BRIEF
Copied exactly and without pictures, the lines from the beginning of the entries through the one that holds "Hi everyone, this" should form the entire reply.

MATERIAL SUPPLIED
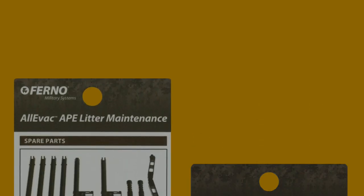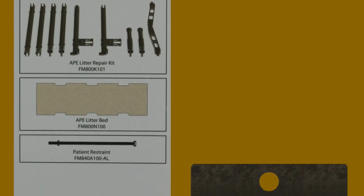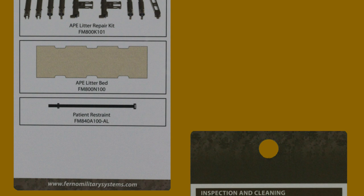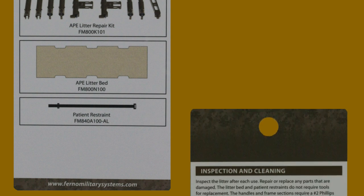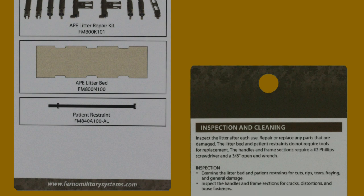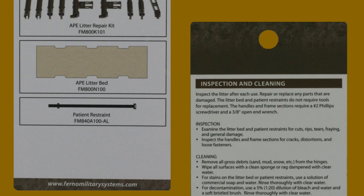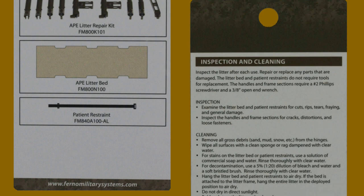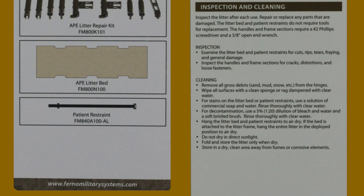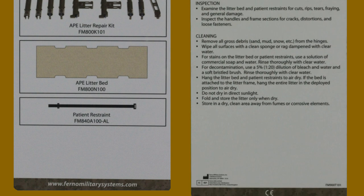Litter repair kits, litter beds, and patient restraints are available from the manufacturer. Inspection and cleaning: inspect the litter after each use and repair or replace any parts that are damaged. The litter bed and patient restraints do not require tools for replacement. The handles and frame sections require a number 2 Phillips head screwdriver and a 3/8 inch open end wrench. Additional inspection and cleaning instructions can be found on the information card that comes with each APE litter.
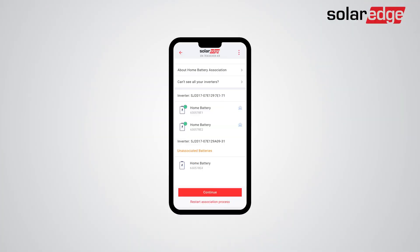If a battery still appears under the Unassociated Batteries list once the process is complete, click on the Restart Association button or remove the unassociated battery from the list by sliding it to the right.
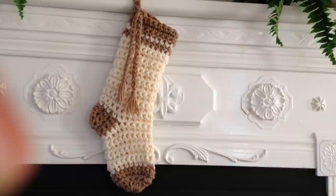Hi everyone, this is Emmy. Today I'm going to show you how to crochet a very easy Christmas stocking, so let's get started.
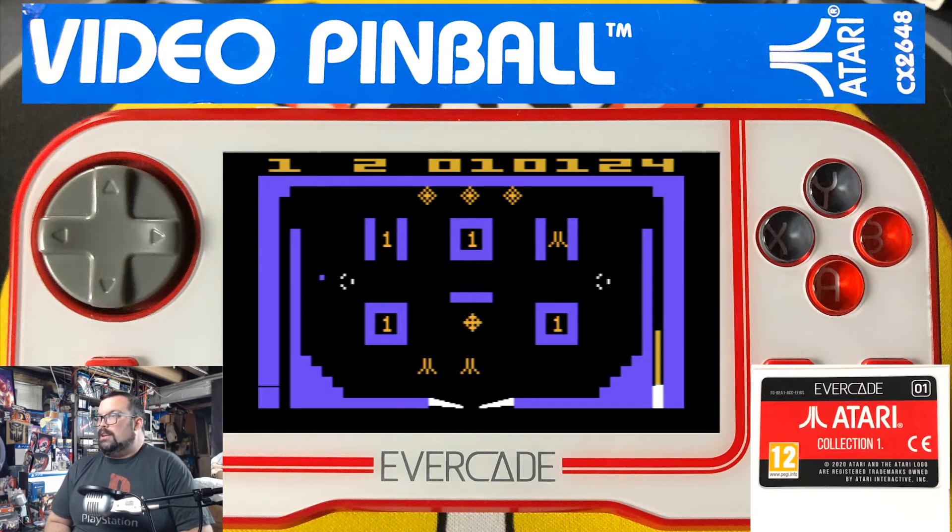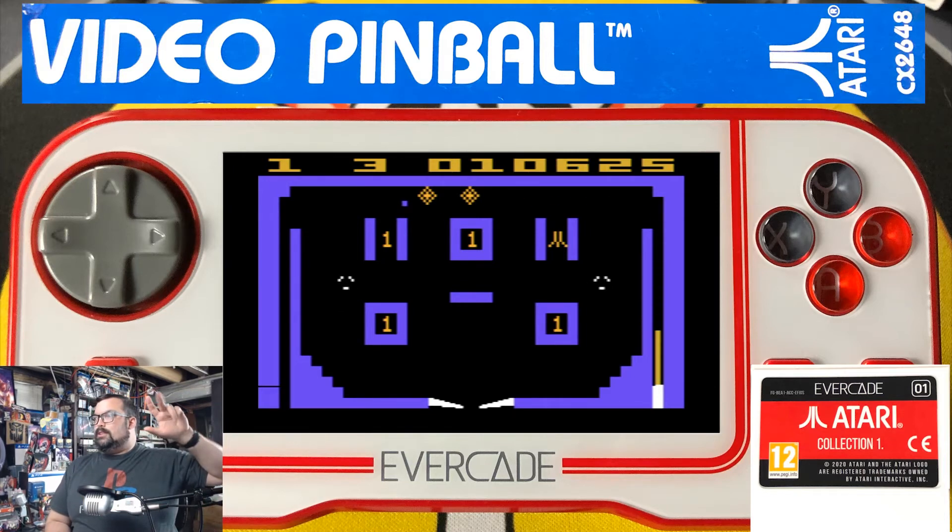Because of course it would punish you if you pushed whatever the button combination was too far — then it would go full tilt and you wouldn't be able to move the paddles or bumpers anymore. And then there would be these two other holes that would show up to make sure the ball fell in, so you couldn't score anymore.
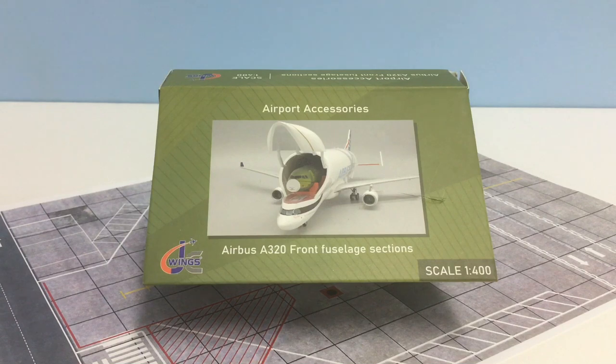Hello and welcome to Yesterday's Airlines. In this review we're going to be taking a look at the new airport accessories by JC Wings, specifically these Airbus A320 front fuselage sections which have been produced in both 200 and 400 scale. Since I'm a 400 collector I'm only really looking at the 400 scale version.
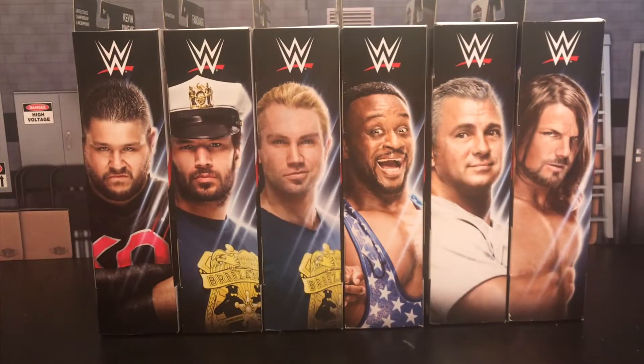Welcome back guys to Gizmo 305. Today we have an amazing epic unboxing and review of Elite Series 61. I cannot believe I'm saying that — Elite Series 61. We're already through 61 series of Elite Action Figures. Thanks to those guys at Mattel. These figures are amazing.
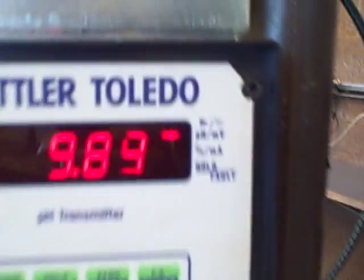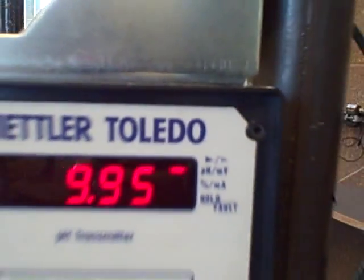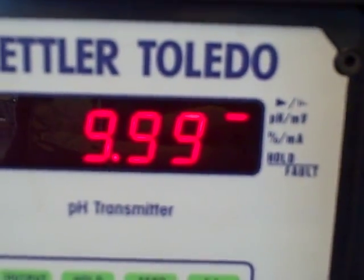I'll clean it off and put it back in the pH of 10. And it zooms up to 10. Wow. Unfortunately, I don't have any other pH solutions to test of any known concentrations. Great job, Jake.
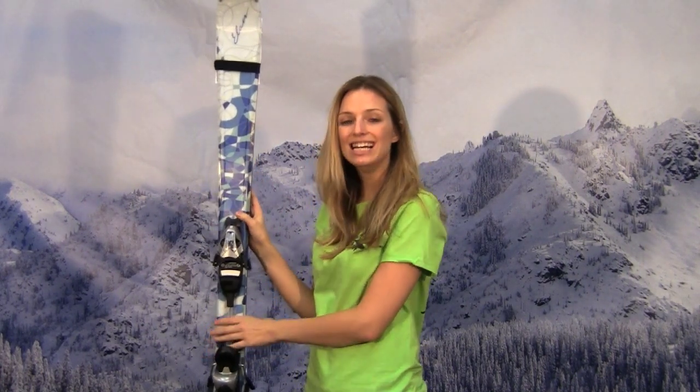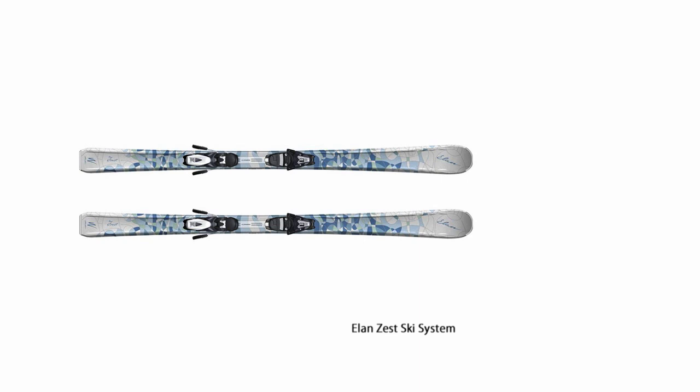Hi, I'm Laura from PeterGlenn.com and I have the Elan Zest Women's Skis here for 2012. This is a ski designed for the whole mountain and it's really friendly, so if you're an intermediate skier or even a recreational skier and you're looking to improve because you want to ski more terrain with your friends, this is a great ski to do it on.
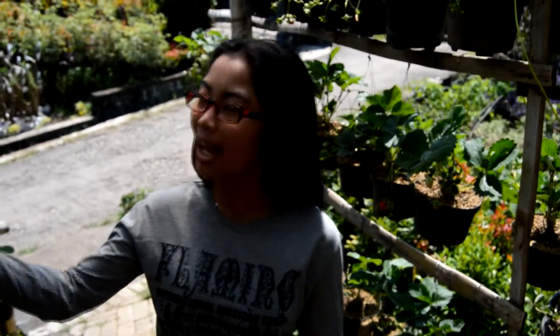Stroberi itu bukan hanya ditancapkan di atas tanah loh, tapi bisa ditanam di dalam pot. Cara perawatannya tidak boleh terkena sinar matahari langsung, dan harus menyiramnya sehari dua kali. Jangan lupa diberi pupuk ya.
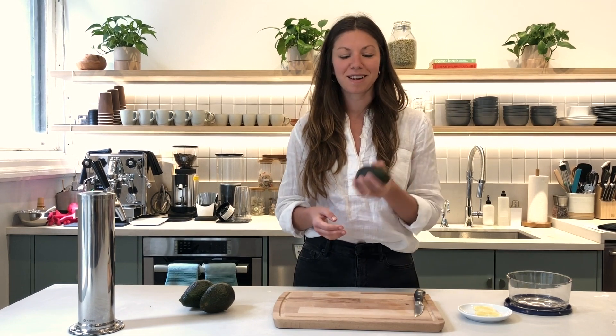Hi, I'm Jackie Dembregian, a health coach at Parsley Health, and today we're talking about avocados.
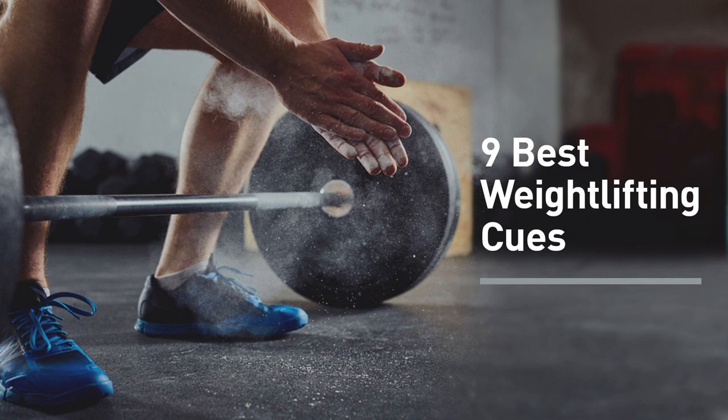Cues are best for correcting little mistakes or improving specific aspects of your technique. They're not the place to start for somebody who is brand new to weightlifting and about to squat for the first time. That person needs more detail, pictures, videos, or best, in-person guidance from a coach. So if you're brand new to lifting, the cues I'm going to share may not be as helpful. But if you have at least a little bit of experience under your belt, I think you're going to find these very helpful.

EXERCISE RESULT
Litter repair kits, litter beds, and patient restraints are available from the manufacturer. Inspection and cleaning: inspect the litter after each use and repair or replace any parts that are damaged. The litter bed and patient restraints do not require tools for replacement. The handles and frame sections require a number 2 Phillips head screwdriver and a 3/8 inch open end wrench. Additional inspection and cleaning instructions can be found on the information card that comes with each APE litter.
If a battery still appears under the Unassociated Batteries list once the process is complete, click on the Restart Association button or remove the unassociated battery from the list by sliding it to the right.
Hi everyone, this is Emmy. Today I'm going to show you how to crochet a very easy Christmas stocking, so let's get started.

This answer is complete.